# Your assignment
Beginning with the line that contains "На фото: отдельная", restate each line below through the final one exactly, and exclude the pictures.

# Given information
┄┄┄┄┄┄┄┄┄┄┄┄┄┄┄┄┄┄┄┄

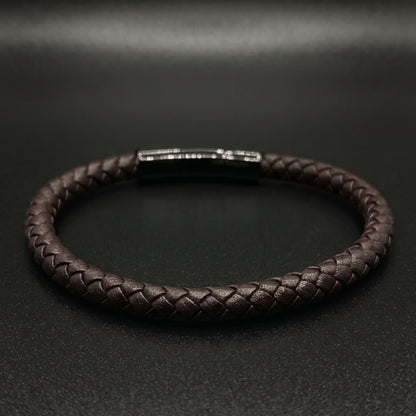 Braided leather bracelet showing rectangular metal clasp and shiny top detail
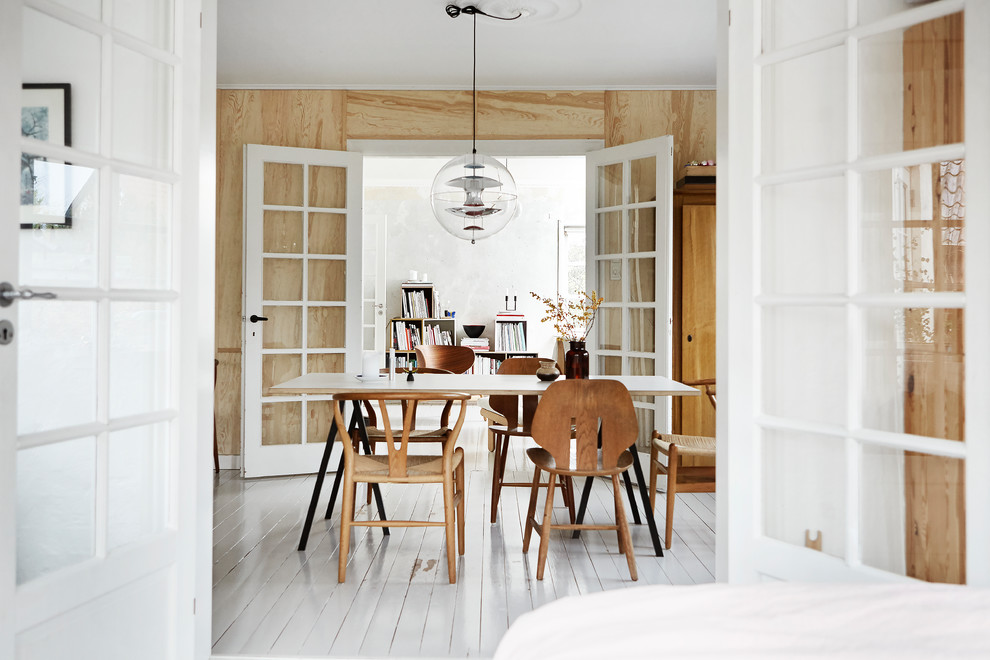 На фото: отдельная столовая в скандинавском стиле с коричневыми стенами, деревянным полом и белым полом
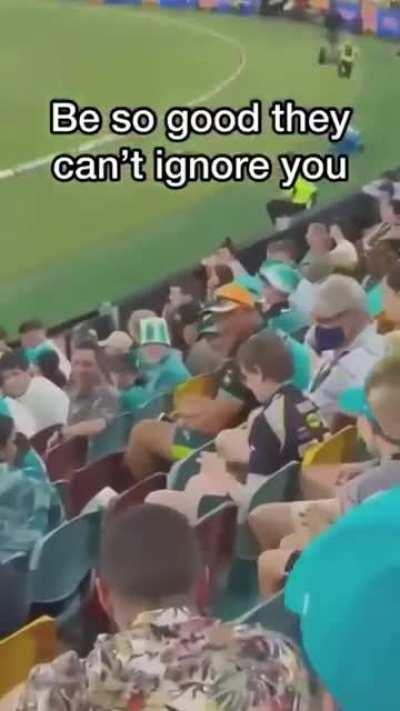 Fans are cheering for a teen solving a Rubik’s cube.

┄┄┄┄┄┄┄┄┄┄┄┄┄┄┄┄┄┄┄┄

# Written answer
 На фото: отдельная столовая в скандинавском стиле с коричневыми стенами, деревянным полом и белым полом
 Fans are cheering for a teen solving a Rubik’s cube.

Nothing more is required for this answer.